- Start It Up
Here you will find information on obtaining and setting up a Galaxy instance with default configuration.
- UNIX/Linux or Mac OSX
- Python 3.7 or newer
For Production or Single User
If setting up or running a production Galaxy service or creating your own personal Galaxy instance, use the latest release branch, which only receives stable code updates.
If you do not have a Galaxy repository yet or you do not want to update the existing instance, run:
$ git clone -b release_23.2 https://github.com/galaxyproject/galaxy.git
If you have an existing Galaxy repository and want to update it, run:
$ git fetch origin && git checkout release_23.2 && git pull --ff-only origin release_23.2
To obtain Galaxy for development, use the default branch after cloning:
dev. This is the branch that pull requests should be made against to contribute code (unless you are fixing a bug in a Galaxy release).
$ git clone https://github.com/galaxyproject/galaxy.git
Start It Up
Galaxy requires a few things to run: a virtualenv, configuration files, and dependent Python modules. However, starting the server for the first time will create/acquire these things as necessary. To start Galaxy, simply run the following command in a terminal window:
$ sh run.sh
This will start up the Galaxy server on localhost and port 8080. Galaxy can then be accessed from a web browser at http://localhost:8080. After starting, Galaxy's server will print output to the terminal window. To stop the Galaxy server, use
Ctrl-C in the terminal window from which Galaxy is running. If Galaxy does not start, you may be using the conda python. See the admin docs for more details.
You can find extensive documentation for setting up Galaxy in the Admin Documentation. Below you will find common first steps.
Since the release 18.01 Galaxy will run fine without an explicit configuration file, but if you want to modify its settings you need to create one.
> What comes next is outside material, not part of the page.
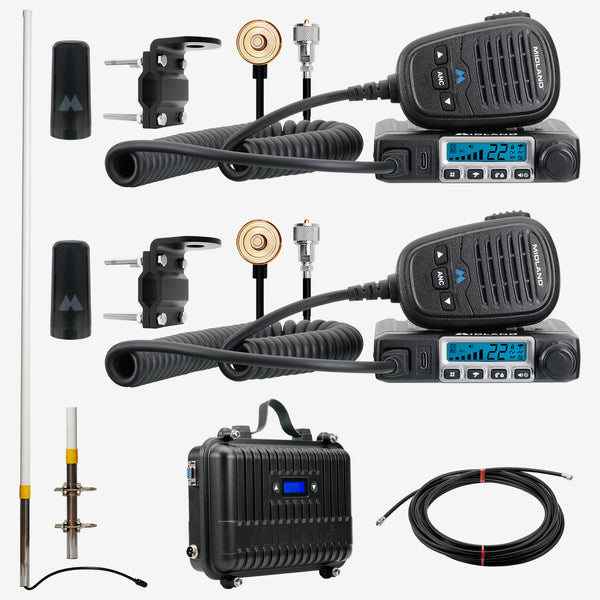 MicroMobile® GMRS 15-Watt Radios and Waterproof Repeater Bundle - MXR115AG
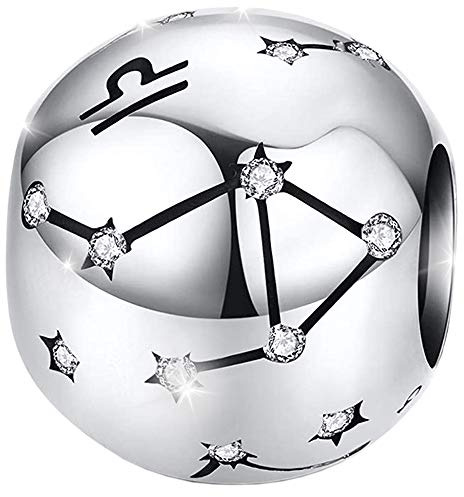 Maria Fonte bead charm segno zodiacale bilancia in argento sterling 925, compatibile con le più diffuse marche di braccialetti e collane.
A good start is to copy the sample and rename it to
galaxy.yml. You can do so with this command:
cp config/galaxy.yml.sample config/galaxy.yml
Galaxy over network
To access Galaxy over the network, modify the
config/galaxy.yml file by changing the
http setting. Galaxy will bind to any available network interfaces on port 8080 instead of the localhost if you add the following:
# listening options
For additional options see the Listening and proxy options section of the documentation.
Become an Admin
To control Galaxy through the UI (installing tools, managing users, creating groups, etc.), user must become an administrator. Only registered users can become admins. To give a user admin privileges add the user's Galaxy login email to the configuration file
config/galaxy.yml. If you don't have the file set it up using the instructions above. The entry looks like this:
# this should be a comma-separated list of valid Galaxy users
Galaxy comes with a small set of basic tools pre-installed. To install additional tools, follow the instructions on Installing tools into Galaxy from the Tool Shed.
Join the Discussion
To stay up-to-date on new Galaxy features and bug fixes, as well as to discuss future features, consider joining
- the Galaxy Developers mailing list. (See Mailing Lists for other options.)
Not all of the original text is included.